What is needed ▸ All of the data that follows should be given again exactly, without its images.

Collected data ▸
---
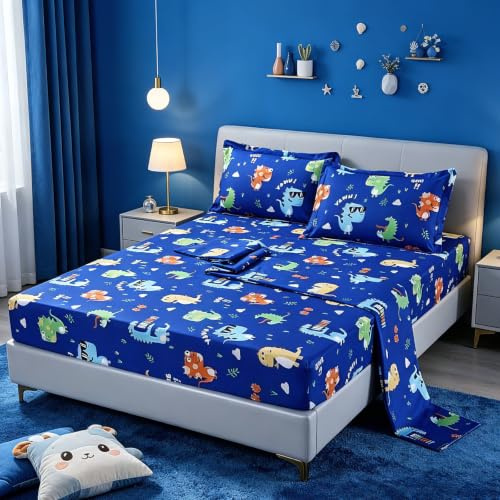 SDIII 4PCS Cute Dinosaur Sheet Set Twin, Soft Microfiber Bed Sheets for Kids Girls Boys and Dino Lovers
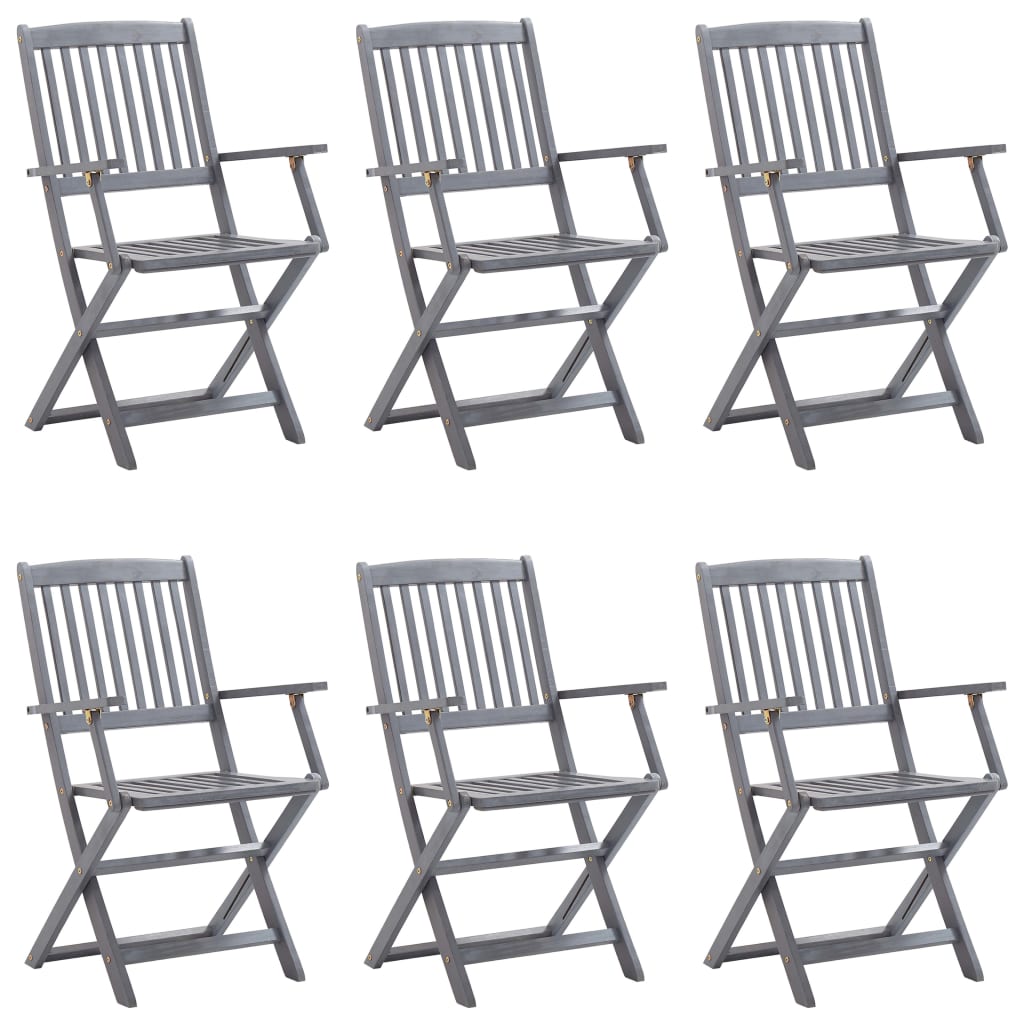 Chaises de jardin pliantes 6 pièces avec coussins d'assise en bois d'acacia massif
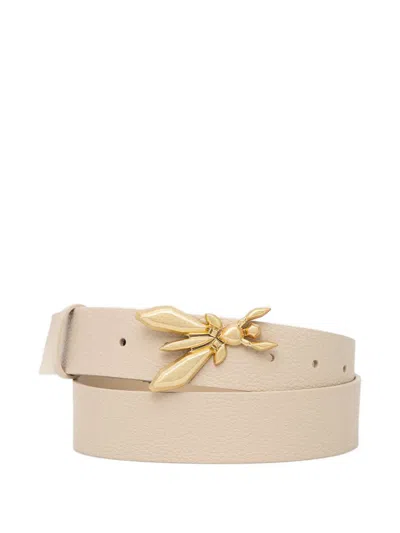 Patrizia Pepe Logo-buckle Belt In Neutrals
---
Answer space ▸
 SDIII 4PCS Cute Dinosaur Sheet Set Twin, Soft Microfiber Bed Sheets for Kids Girls Boys and Dino Lovers
 Chaises de jardin pliantes 6 pièces avec coussins d'assise en bois d'acacia massif
 Patrizia Pepe Logo-buckle Belt In Neutrals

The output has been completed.